SMARTS program revived
By GUY D’ASTOLFO
YOUNGSTOWN
Less than a year after it was dropped by its primary funding source, SMARTS has reopened with the help of large and small gifts and a full cast of supporters.
SMARTS — Students Motivated by the Arts — is a 15-year-old program that offers education in music, theater, dance, visual and other arts to local children. In May, Youngstown State University announced it no longer would fund the program, forcing SMARTS to either find a new funding partner or fade away.
Becky Keck, executive director of SMARTS, announced at a news conference Tuesday the program resumed Nov. 14.
“SMARTS is more necessary than ever because of the decline of arts education in all school districts,” she said, adding the community’s response made it clear that it wants the after-school program to continue.
More than a dozen grants have been received to keep SMARTS going, said Keck.
“A lot of people have stepped up to the plate with in-kind services and pro bono work during this time of transition [to a community organization],” said Ron Faniro of the SMARTS Circle, an advisory board.
SMARTS is now offering classes at its seven partner schools and programs: Potential Development Program, Easter Seals, ACLD Learning Center and Rich Center for Autism, Youngstown; Robinwood Lane Elementary School, Boardman; Leonard Kirtz School, Austintown; and the preschool inclusion class in the Jackson-Milton School District through the Mahoning County Educational Service Center.
The program has two employees: Keck and Ed Davis, a teacher and trainer.
Part of the group’s effort involves programs for developmentally and behaviorally challenged children and those with physical or cognitive disabilities, such as SMARTS Beats, which Davis teaches. It is an drumming program that fosters learning, confidence and a sense of community in the children.
Davis led a group of a dozen of his students in a drumming demonstration at Potential Development Program on East Indianola Avenue.
Thanks to a $54,054 grant from the Hine Memorial Fund, the SMARTS Beats program has been fully funded for the current academic year. Chrissie Jenkins of the Hine fund, which is part of the Youngstown Foundation, presented an oversized check to SMARTS at the news conference. The Hine fund’s mission is to support programs for disabled children.

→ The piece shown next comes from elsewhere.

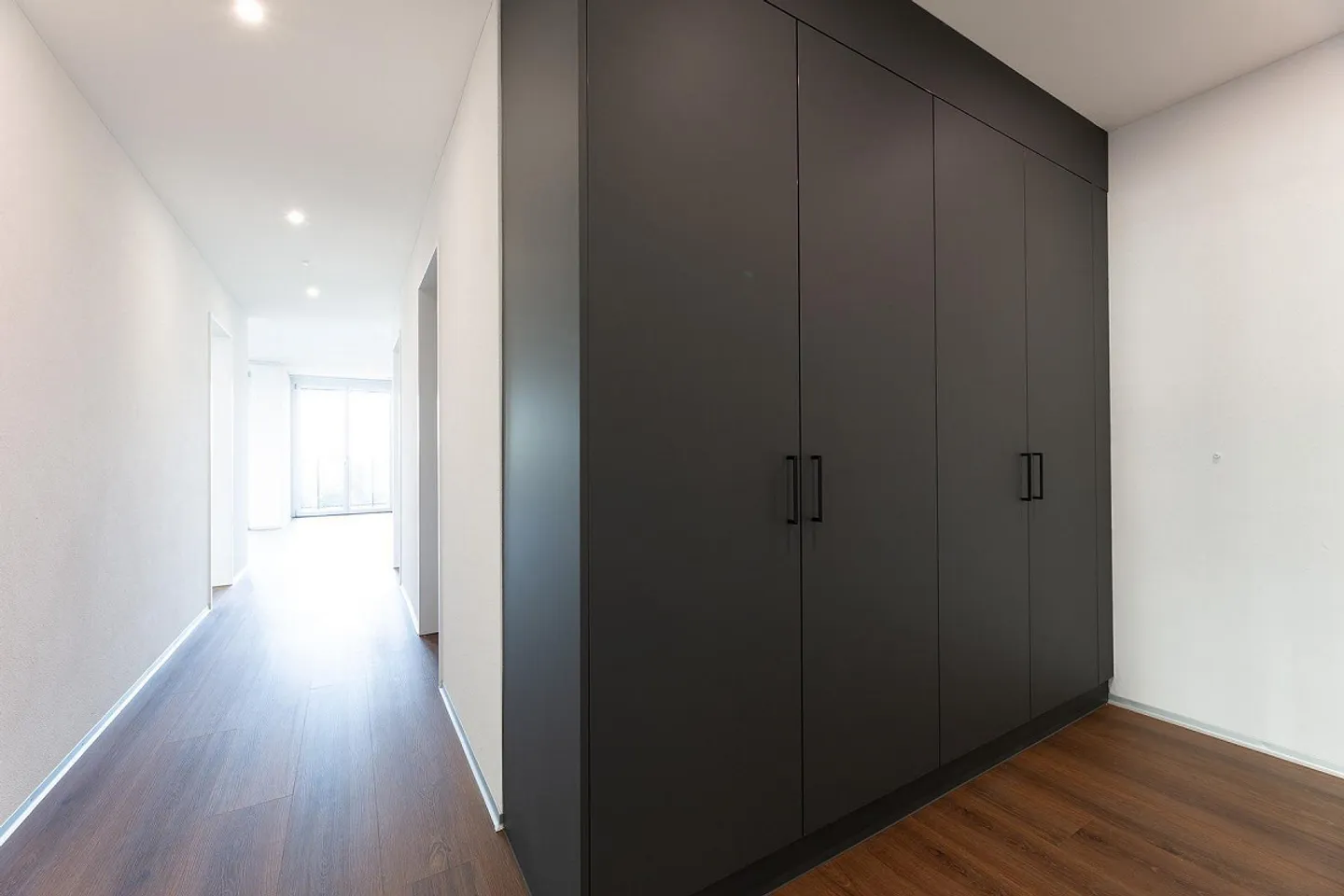 Appartement de 4.5 pièces à Arbon - Photo 2 sur 13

SMARTS Beats classes are given free of charge to all seven partner schools and are the lead component in the organization’s resurgence. The classes take place 15 hours per week for the entire school year. They have 120 students in 11 classes at all seven locations.
SMARTS had been located on the second floor of the DeYor Center for the Performing Arts, downtown until the YSU funding cut forced it to leave.
Keck thanked the people and organizations who have lent support: Jet Creative Productions (which rebranded SMARTS with a website and logo); the Legal Creative; the Ohio One Corp.; and Compco Industries and these foundations: The Thomases Family Endowment, the Walter and Caroline Watson Foundation, the Zita and Joseph DiYorio foundation, the Frances Schermer Charitable Trust and Lillian Schermer Charitable Trust, the Sen. Maurice and Florence Lipsher Charitable Fund, the Youngstown Foundation, the Wean Foundation, the Hine Memorial Fund and Youngstown Rotary.